Scientists are preparing a massive computer model of the coronavirus that they expect will give insight into how it infects in the body. They’ve taken the first steps, testing the first parts of the model and optimizing code on the Frontera supercomputer at the Texas Advanced Computing Center of UT Austin. The knowledge gained from the full model can help researchers design new drugs and vaccines to combat the coronavirus.

Rommie Amaro is leading efforts to build the first complete all-atom model of the SARS-COV-2 coronavirus envelope, its exterior component. “If we have a good model for what the outside of the particle looks like and how it behaves, we’re going to get a good view of the different components that are involved in molecular recognition.” Molecular recognition involves how the virus interacts with the angiotensin converting enzyme 2 (ACE2) receptors and possibly other targets within the host cell membrane. Amaro is a professor of chemistry and biochemistry at the University of California, San Diego.

SARS-CoV-2 spike protein of the coronavirus was simulated by the Romaro Lab of UC San Diego on the NSF-funded Frontera supercomputer of TACC at UT Austin. It’s the main viral protein involved in host-cell coronavirus infection. Credit: Rommie Amaro/UC San Diego.

The coronavirus model is anticipated by Amaro to contain roughly 200 million atoms, a daunting undertaking, as the interaction of each atom with one another has to be computed. Her team’s workflow takes a hybrid, or integrative modeling approach.

“We’re trying to combine data at different resolutions into one cohesive model that can be simulated on leadership-class facilities like Frontera,” Amaro said. “We basically start with the individual components, where their structures have been resolved at atomic or near atomic resolution. We carefully get each of these components up and running and into a state where they are stable. Then we can introduce them into the bigger envelope simulations with neighboring molecules.”

On March 12-13, 2020, the Amaro Lab ran molecular dynamics simulations on up to 4,000 nodes, or about 250,000 processing cores, on Frontera. Frontera, the #5 top supercomputer in the world and #1 academic supercomputer according to November 2019 rankings of the Top500 organization, is the leadership-class high performance computing system supported by the National Science Foundation.

“Simulations of that size are only possible to run on a machine like Frontera or on a machine possibly at the Department of Energy,” Amaro said. “We straightaway contacted the Frontera team, and they’ve been very gracious in giving us priority status for benchmarking and trying to optimize the code so that these simulations can run as efficiently as possible, once the system is actually up and running.”

“It’s exciting to work on one of these brand new machines, for sure. Our experience so far has been very good. The initial benchmarks have been really impressive for this system. We’re going to continue to optimize the codes for these ultra large systems so that we can ultimately get even better performance. I would say that working with the team at Frontera has also been fantastic. They’re at the ready to help and have been extremely responsive during this critical time window. It’s been a very positive experience,” Amaro said.

“TACC is proud to support this critical and groundbreaking research,” said Dan Stanzione, Executive Director of TACC and Principal Investigator of the Frontera supercomputer project. “We will continue to support Amaro’s simulations and other important work related to understanding and finding a way to defeat this new threat.”

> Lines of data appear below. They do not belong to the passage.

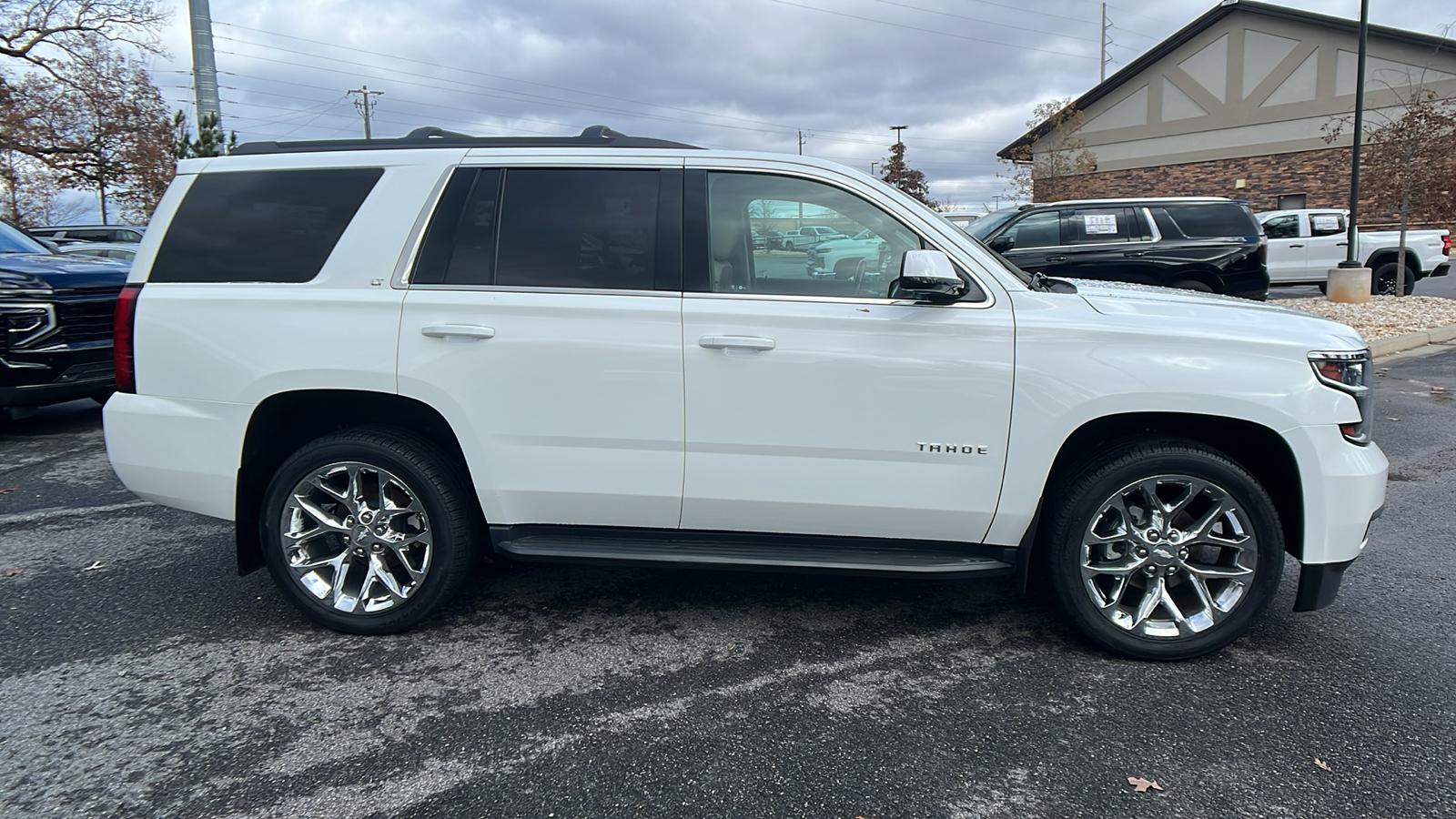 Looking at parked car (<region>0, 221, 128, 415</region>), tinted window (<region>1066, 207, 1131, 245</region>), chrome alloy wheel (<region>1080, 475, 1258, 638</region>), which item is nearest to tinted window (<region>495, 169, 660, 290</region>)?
chrome alloy wheel (<region>1080, 475, 1258, 638</region>)

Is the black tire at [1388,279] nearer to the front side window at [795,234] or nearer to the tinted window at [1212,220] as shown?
the tinted window at [1212,220]

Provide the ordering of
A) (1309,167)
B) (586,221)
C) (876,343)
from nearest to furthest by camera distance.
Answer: (876,343), (586,221), (1309,167)

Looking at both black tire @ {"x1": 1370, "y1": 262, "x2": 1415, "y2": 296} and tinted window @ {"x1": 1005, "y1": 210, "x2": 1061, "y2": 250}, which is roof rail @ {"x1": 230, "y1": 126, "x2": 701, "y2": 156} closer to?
tinted window @ {"x1": 1005, "y1": 210, "x2": 1061, "y2": 250}

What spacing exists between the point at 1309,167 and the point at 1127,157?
6.49 m

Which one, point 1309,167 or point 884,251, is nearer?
point 884,251

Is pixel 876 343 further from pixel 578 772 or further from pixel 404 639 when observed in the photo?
pixel 404 639

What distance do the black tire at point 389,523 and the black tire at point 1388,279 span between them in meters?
19.0

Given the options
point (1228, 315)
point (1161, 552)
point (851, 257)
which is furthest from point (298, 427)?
point (1228, 315)

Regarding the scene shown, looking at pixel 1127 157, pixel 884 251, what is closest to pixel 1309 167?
pixel 1127 157

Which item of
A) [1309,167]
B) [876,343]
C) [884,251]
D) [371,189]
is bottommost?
[876,343]

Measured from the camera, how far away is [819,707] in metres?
2.98

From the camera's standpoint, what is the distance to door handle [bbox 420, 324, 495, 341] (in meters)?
3.32

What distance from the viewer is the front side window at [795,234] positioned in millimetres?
3346

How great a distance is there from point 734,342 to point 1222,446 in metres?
1.95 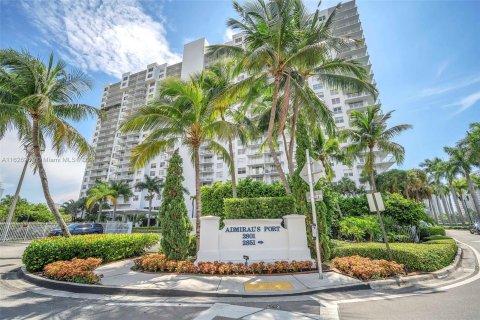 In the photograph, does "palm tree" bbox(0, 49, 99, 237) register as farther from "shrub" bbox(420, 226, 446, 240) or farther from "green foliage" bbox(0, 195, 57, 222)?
"green foliage" bbox(0, 195, 57, 222)

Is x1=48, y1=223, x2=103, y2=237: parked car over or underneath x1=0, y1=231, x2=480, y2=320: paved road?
over

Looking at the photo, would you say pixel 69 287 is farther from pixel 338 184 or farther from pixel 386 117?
pixel 338 184

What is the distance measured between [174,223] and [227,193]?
853 centimetres

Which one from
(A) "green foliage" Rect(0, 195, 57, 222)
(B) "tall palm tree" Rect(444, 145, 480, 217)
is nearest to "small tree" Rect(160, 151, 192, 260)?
(A) "green foliage" Rect(0, 195, 57, 222)

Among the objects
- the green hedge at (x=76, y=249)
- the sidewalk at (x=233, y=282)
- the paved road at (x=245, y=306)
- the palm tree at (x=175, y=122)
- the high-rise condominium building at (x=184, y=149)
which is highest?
the high-rise condominium building at (x=184, y=149)

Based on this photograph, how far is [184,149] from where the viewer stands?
58.0m

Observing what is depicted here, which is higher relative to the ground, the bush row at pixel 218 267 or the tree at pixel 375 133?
the tree at pixel 375 133

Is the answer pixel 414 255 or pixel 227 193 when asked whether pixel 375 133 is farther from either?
pixel 414 255

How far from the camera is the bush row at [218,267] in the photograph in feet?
27.4

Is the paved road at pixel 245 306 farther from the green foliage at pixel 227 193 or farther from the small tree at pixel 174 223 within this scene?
the green foliage at pixel 227 193

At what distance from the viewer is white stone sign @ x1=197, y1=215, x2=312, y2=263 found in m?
9.68

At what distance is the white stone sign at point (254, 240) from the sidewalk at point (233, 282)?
5.09ft

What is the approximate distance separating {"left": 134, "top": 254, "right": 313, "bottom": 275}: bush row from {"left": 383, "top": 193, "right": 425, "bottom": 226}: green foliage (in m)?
10.9

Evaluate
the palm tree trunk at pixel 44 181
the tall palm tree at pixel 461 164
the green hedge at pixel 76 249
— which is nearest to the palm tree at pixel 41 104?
the palm tree trunk at pixel 44 181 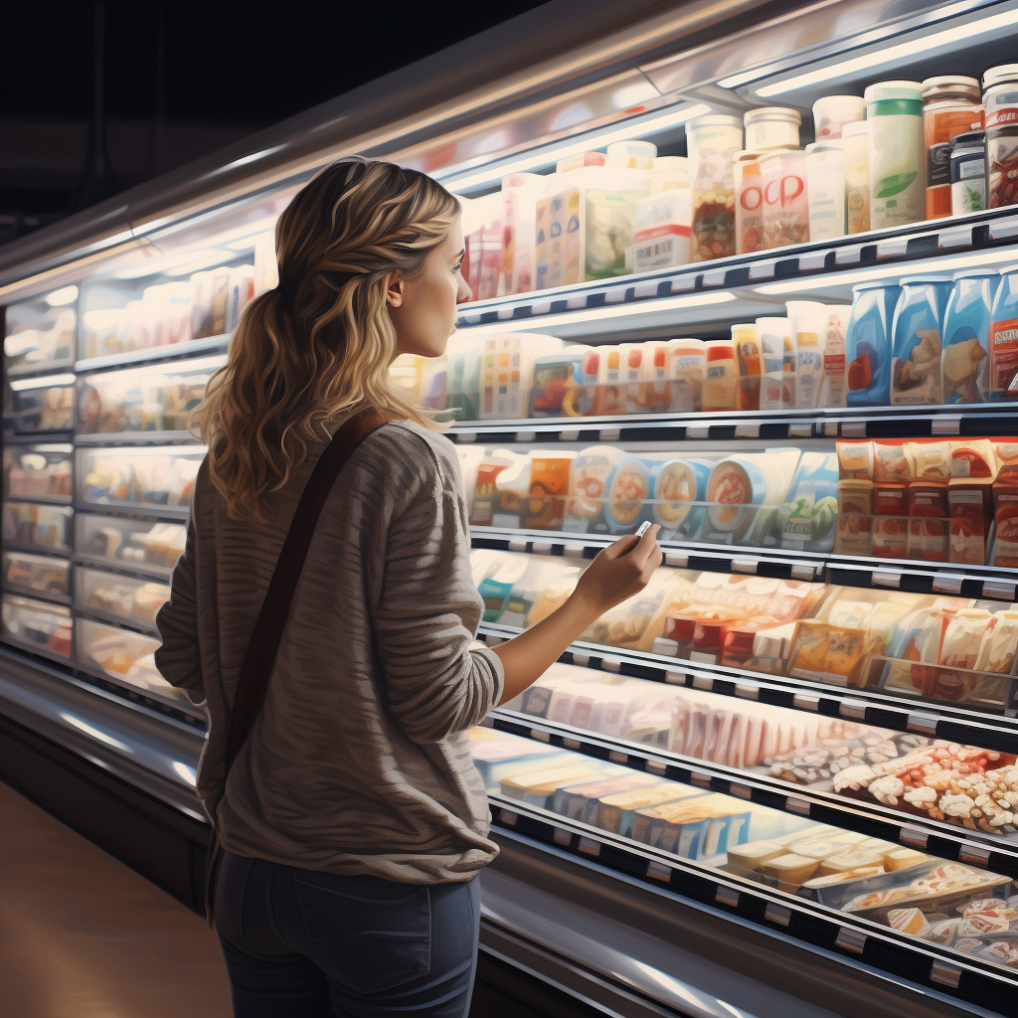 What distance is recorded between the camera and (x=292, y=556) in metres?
1.27

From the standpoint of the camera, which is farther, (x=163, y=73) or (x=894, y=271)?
(x=163, y=73)

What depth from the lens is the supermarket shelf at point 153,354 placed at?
3.86 metres

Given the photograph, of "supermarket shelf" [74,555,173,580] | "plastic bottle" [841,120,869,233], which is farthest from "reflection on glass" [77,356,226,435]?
"plastic bottle" [841,120,869,233]

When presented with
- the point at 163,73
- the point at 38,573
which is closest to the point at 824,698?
the point at 163,73

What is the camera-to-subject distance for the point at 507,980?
223 centimetres

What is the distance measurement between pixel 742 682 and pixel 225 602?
132cm

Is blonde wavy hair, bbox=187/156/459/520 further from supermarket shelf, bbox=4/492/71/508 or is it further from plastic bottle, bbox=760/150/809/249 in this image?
supermarket shelf, bbox=4/492/71/508

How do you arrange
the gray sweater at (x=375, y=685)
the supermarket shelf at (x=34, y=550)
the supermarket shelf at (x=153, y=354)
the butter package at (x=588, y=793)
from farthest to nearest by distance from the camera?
the supermarket shelf at (x=34, y=550)
the supermarket shelf at (x=153, y=354)
the butter package at (x=588, y=793)
the gray sweater at (x=375, y=685)

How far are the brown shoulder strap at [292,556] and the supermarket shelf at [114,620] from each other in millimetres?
3085

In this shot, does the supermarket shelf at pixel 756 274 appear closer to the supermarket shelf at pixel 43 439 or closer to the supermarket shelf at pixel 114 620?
the supermarket shelf at pixel 114 620

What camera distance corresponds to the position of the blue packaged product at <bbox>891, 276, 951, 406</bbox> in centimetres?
207

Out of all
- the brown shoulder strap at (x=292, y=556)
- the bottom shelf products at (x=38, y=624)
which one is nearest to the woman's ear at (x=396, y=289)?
the brown shoulder strap at (x=292, y=556)

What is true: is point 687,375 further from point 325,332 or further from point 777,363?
point 325,332

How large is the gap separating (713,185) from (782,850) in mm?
1566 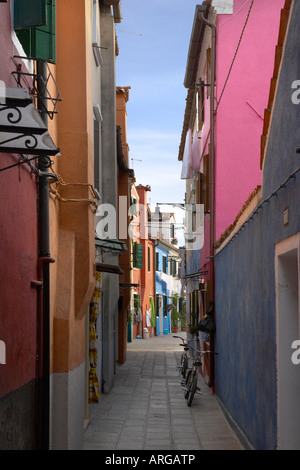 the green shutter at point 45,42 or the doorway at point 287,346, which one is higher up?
the green shutter at point 45,42

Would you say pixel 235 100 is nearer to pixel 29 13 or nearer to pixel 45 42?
pixel 45 42

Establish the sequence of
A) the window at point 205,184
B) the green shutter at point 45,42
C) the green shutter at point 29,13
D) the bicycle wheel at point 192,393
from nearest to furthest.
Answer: the green shutter at point 29,13
the green shutter at point 45,42
the bicycle wheel at point 192,393
the window at point 205,184

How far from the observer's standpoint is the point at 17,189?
6.27 metres

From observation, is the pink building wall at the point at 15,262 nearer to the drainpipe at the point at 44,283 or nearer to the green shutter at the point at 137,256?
the drainpipe at the point at 44,283

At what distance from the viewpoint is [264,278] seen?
7.48 metres

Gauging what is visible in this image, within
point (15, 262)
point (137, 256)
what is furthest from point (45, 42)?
point (137, 256)

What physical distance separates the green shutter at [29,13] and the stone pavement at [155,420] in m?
5.73

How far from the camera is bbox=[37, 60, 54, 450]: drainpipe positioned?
7.25 meters

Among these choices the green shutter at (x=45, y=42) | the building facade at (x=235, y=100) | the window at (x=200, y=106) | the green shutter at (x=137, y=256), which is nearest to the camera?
the green shutter at (x=45, y=42)

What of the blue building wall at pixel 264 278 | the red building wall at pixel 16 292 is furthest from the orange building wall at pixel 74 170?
the blue building wall at pixel 264 278

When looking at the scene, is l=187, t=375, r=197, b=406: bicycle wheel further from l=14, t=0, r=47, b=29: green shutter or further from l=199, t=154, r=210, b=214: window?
l=14, t=0, r=47, b=29: green shutter

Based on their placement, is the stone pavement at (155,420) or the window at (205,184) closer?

Amaro’s work with the coronavirus builds on her success with an all-atom simulation of the influenza virus envelope, published in ACS Central Science, February 2020. She said that the influenza work will have a remarkable number of similarities to what they’re now pursuing with the coronavirus.

“It’s a brilliant test of our methods and our abilities to adapt to new data and to get this up and running right off the fly,” Amaro said. “It took us a year or more to build the influenza viral envelope and get it up and running on the national supercomputers. For influenza, we used the Blue Waters supercomputer, which was in some ways the predecessor to Frontera. The work, however, with the coronavirus obviously is proceeding at a much, much faster pace. This is enabled, in part because of the work that we did on Blue Waters earlier.”

Said Amaro: “These simulations will give us new insights into the different parts of the coronavirus that are required for infectivity. And why we care about that is because if we can understand these different features, scientists have a better chance to design new drugs; to understand how current drugs work and potential drug combinations work. The information that we get from these simulations is multifaceted and multidimensional and will be of use for scientists on the front lines immediately and also in the longer term. Hopefully the public will understand that there’s many different components and facets of science to push forward to understand this virus. These simulations on Frontera are just one of those components, but hopefully an important and a gainful one.”